GRASPrune: Global Gating for Budgeted Structured Pruning of Large Language Models
The recent advancements in artificial intelligence have brought significant attention to the development and deployment of large language models (LLMs). However, the operational costs associated with serving these models remain a considerable challenge. As highlighted in the latest research paper on arXiv (2604.19398v1), a novel structured pruning framework called GRASPrune has emerged, designed to tackle these issues effectively.

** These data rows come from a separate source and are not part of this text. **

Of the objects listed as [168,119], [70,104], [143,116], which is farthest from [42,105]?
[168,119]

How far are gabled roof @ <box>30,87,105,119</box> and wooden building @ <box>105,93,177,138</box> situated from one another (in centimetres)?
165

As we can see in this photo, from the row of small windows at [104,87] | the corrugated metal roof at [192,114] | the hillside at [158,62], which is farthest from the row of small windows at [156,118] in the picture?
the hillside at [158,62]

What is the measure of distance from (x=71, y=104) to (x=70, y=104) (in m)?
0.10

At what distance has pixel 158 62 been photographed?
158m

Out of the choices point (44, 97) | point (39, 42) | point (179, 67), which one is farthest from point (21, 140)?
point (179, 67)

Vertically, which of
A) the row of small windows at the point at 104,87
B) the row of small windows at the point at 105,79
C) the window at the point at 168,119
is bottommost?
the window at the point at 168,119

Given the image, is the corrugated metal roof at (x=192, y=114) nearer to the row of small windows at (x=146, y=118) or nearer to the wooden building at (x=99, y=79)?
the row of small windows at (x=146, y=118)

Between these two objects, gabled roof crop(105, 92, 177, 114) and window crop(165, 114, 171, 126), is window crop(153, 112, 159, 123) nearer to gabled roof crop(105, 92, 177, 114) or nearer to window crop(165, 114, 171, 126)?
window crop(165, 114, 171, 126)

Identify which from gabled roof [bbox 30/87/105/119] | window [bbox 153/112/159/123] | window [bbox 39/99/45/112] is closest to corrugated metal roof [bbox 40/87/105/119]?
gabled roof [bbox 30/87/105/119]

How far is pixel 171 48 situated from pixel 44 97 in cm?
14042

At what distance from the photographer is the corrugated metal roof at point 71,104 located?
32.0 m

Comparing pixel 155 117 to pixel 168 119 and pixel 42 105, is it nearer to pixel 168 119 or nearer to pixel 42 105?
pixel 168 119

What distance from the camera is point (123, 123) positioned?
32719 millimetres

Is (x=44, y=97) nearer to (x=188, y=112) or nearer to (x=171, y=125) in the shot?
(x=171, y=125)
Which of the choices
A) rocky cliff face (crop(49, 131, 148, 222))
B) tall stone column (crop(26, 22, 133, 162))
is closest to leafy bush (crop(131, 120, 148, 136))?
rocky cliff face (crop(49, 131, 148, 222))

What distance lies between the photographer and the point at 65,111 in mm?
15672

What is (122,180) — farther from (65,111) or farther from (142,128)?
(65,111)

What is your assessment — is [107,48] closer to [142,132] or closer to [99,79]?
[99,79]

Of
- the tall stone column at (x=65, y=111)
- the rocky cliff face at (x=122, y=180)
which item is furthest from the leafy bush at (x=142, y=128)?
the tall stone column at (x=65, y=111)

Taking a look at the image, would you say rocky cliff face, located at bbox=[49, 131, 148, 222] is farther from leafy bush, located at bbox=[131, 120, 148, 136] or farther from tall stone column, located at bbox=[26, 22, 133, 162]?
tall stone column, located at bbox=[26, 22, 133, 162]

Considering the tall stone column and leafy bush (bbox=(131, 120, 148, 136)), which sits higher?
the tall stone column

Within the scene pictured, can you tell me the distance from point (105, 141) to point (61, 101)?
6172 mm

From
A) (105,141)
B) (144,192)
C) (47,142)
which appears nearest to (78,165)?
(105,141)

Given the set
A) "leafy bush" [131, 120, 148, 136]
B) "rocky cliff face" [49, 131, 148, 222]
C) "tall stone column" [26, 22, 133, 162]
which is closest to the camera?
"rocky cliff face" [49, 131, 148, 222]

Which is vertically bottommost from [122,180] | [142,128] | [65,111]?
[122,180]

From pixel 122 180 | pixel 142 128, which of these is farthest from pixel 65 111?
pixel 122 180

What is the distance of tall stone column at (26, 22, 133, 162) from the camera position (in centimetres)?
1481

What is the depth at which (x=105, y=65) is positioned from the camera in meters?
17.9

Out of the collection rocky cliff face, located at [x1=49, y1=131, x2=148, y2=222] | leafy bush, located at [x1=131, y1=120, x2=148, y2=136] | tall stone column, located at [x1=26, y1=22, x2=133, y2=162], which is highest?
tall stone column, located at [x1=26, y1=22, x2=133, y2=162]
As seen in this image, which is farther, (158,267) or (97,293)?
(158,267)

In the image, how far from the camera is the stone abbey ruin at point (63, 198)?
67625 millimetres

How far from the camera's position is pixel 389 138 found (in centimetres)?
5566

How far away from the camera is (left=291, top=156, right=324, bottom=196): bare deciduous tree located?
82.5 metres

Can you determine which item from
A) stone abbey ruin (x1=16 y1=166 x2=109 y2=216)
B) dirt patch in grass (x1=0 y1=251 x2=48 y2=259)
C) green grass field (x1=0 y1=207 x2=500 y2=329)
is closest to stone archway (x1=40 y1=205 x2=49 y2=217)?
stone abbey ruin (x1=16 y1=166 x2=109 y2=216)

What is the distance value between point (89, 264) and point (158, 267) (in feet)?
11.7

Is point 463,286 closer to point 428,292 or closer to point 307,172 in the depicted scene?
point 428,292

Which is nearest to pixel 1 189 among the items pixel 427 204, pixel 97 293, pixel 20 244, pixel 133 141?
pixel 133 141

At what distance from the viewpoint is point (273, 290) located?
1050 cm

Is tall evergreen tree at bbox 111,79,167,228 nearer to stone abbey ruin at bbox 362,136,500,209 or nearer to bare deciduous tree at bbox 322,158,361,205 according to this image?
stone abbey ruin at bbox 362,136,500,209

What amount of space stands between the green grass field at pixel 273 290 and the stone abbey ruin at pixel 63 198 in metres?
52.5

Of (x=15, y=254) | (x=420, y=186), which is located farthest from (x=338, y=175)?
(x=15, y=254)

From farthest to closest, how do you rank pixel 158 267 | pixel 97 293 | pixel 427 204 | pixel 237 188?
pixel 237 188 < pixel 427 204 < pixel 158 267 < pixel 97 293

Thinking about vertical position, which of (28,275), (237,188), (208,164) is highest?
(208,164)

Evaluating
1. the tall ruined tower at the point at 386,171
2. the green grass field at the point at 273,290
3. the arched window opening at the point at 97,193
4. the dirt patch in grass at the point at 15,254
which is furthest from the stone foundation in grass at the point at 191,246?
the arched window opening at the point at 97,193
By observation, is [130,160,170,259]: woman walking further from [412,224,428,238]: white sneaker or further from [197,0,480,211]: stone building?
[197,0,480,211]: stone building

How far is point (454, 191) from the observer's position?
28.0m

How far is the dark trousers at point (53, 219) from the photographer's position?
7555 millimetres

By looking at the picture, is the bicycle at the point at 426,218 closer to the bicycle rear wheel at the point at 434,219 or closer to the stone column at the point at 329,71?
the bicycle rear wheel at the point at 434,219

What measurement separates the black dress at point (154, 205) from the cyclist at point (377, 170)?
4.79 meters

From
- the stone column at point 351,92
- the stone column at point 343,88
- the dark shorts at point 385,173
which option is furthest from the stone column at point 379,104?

LLMs are known for their high memory and latency costs, primarily due to the extensive number of model parameters, attention computations, and key-value (KV) caches they utilize. The introduction of GRASPrune aims to alleviate these burdens by implementing a strategic approach to model pruning.
Understanding GRASPrune
GRASPrune employs a structured pruning methodology that is applied post-pretraining. This framework simultaneously prunes feedforward neural network (FFN) channels and KV head groups while adhering to a single global budget. Unlike traditional methods that learn importance scores without any constraints, GRASPrune adopts a more efficient approach.
- Lightweight Gate Scores: Instead of applying the budget only after training, GRASPrune learns lightweight gate scores using a projected straight-through estimator. This innovative technique ensures a hard mask that meets budget requirements at every training step while keeping the backbone weights frozen.

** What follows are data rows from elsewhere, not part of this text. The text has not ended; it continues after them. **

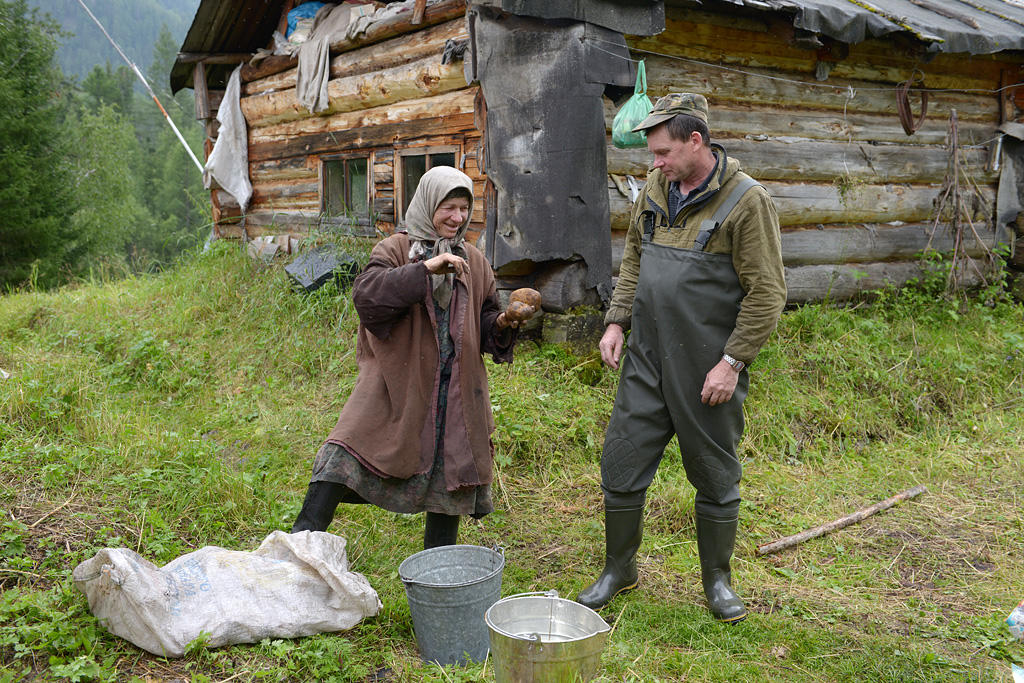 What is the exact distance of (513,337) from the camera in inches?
131

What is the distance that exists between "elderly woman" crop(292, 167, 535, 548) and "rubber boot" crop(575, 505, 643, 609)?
617 millimetres

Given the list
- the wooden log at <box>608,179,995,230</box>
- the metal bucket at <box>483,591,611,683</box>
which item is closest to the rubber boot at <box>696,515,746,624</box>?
the metal bucket at <box>483,591,611,683</box>

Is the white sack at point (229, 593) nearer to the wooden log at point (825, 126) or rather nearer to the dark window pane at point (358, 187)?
the wooden log at point (825, 126)

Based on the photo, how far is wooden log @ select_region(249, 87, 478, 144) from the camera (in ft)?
21.2

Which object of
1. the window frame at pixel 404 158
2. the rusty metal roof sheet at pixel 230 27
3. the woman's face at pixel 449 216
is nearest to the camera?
the woman's face at pixel 449 216

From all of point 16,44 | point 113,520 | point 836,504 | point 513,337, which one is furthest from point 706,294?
point 16,44

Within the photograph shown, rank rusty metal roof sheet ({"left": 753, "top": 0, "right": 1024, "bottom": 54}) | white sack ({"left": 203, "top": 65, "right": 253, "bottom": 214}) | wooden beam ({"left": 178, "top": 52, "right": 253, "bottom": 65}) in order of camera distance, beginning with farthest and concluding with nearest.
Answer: white sack ({"left": 203, "top": 65, "right": 253, "bottom": 214})
wooden beam ({"left": 178, "top": 52, "right": 253, "bottom": 65})
rusty metal roof sheet ({"left": 753, "top": 0, "right": 1024, "bottom": 54})

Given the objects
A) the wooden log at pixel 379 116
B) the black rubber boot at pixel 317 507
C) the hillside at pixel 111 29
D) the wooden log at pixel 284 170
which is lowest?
the black rubber boot at pixel 317 507

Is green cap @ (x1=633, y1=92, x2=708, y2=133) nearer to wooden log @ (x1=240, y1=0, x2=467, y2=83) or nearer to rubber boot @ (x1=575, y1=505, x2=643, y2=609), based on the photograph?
rubber boot @ (x1=575, y1=505, x2=643, y2=609)

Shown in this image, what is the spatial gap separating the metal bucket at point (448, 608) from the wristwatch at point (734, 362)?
1.23 meters

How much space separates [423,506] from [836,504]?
2821 millimetres

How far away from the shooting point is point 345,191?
842cm

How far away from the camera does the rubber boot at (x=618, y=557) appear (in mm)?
3398

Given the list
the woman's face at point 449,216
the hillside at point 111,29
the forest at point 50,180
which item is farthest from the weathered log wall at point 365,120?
the hillside at point 111,29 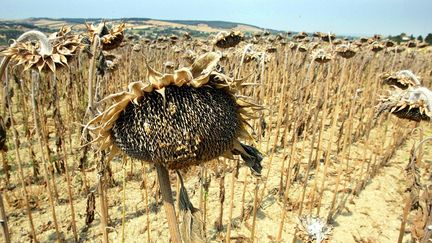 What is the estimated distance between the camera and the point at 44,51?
182cm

- Calibration of Scaling Factors: After establishing the mask, the framework calibrates scaling factors on the retained units to address potential scale mismatches that may arise from the pruning process. These factors are folded into the pruned weights, resulting in a smaller, dense checkpoint that requires no additional parameters during inference.
Performance Insights
The efficacy of GRASPrune has been demonstrated through its application on the LLaMA-2-7B model. The results are impressive, with GRASPrune successfully removing 50% of the parameters from the model. Despite this significant reduction in size, the model achieves a perplexity score of 12.18 on the WikiText-2 dataset.

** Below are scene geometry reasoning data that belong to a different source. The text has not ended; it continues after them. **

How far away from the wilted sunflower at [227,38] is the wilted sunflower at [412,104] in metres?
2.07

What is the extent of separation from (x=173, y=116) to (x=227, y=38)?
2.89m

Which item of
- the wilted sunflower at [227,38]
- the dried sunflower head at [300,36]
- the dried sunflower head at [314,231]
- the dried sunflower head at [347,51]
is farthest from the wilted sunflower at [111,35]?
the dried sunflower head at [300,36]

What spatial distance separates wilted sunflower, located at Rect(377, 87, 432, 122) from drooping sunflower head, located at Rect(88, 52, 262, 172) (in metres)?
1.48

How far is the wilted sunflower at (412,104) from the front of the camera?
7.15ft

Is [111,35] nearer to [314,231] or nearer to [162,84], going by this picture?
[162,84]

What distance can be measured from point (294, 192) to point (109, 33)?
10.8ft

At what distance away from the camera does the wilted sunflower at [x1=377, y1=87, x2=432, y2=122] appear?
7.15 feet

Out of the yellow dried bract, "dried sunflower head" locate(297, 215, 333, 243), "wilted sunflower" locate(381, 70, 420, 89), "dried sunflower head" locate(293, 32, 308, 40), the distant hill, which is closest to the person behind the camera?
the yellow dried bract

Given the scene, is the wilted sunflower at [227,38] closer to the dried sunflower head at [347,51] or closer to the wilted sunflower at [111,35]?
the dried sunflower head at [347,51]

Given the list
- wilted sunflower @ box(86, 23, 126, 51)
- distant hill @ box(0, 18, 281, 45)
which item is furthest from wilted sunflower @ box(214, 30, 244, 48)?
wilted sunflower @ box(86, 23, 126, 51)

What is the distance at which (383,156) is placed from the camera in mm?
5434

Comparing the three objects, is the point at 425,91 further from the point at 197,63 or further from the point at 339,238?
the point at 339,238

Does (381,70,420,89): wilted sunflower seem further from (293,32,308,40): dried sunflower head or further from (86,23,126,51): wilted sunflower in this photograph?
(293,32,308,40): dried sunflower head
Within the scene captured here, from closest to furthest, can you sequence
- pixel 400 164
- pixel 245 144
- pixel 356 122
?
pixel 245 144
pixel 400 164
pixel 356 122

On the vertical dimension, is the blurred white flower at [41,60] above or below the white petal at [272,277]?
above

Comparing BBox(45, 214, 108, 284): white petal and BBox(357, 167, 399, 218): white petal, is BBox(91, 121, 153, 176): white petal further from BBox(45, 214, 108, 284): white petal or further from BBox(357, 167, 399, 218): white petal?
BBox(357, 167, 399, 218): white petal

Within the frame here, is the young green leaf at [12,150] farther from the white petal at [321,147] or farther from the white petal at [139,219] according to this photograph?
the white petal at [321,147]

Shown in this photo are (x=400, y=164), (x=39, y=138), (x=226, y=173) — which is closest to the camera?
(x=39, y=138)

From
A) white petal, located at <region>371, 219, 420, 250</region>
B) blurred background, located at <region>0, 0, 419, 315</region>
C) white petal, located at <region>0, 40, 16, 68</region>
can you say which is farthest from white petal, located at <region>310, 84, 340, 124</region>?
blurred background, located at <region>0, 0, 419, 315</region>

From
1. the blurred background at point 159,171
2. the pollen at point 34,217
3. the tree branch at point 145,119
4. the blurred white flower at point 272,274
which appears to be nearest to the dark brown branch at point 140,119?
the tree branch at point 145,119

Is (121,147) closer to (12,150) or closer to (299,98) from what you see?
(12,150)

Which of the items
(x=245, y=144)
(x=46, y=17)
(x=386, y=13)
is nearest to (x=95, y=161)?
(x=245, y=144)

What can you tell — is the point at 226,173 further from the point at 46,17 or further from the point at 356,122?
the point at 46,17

Furthermore, GRASPrune maintains competitive average zero-shot accuracy across five benchmark tests. This achievement is particularly notable considering that the model was calibrated using only four epochs on 512 unlabeled calibration sequences, utilizing a single NVIDIA A100 80GB GPU, and did not undergo any full model fine-tuning.
Conclusion
GRASPrune represents a significant step forward in the optimization of large language models, offering a structured and efficient pruning methodology that addresses the high costs of model deployment. By leveraging lightweight gating and careful calibration, GRASPrune not only reduces the model’s size but also preserves its performance, making it a promising solution for the future of AI applications.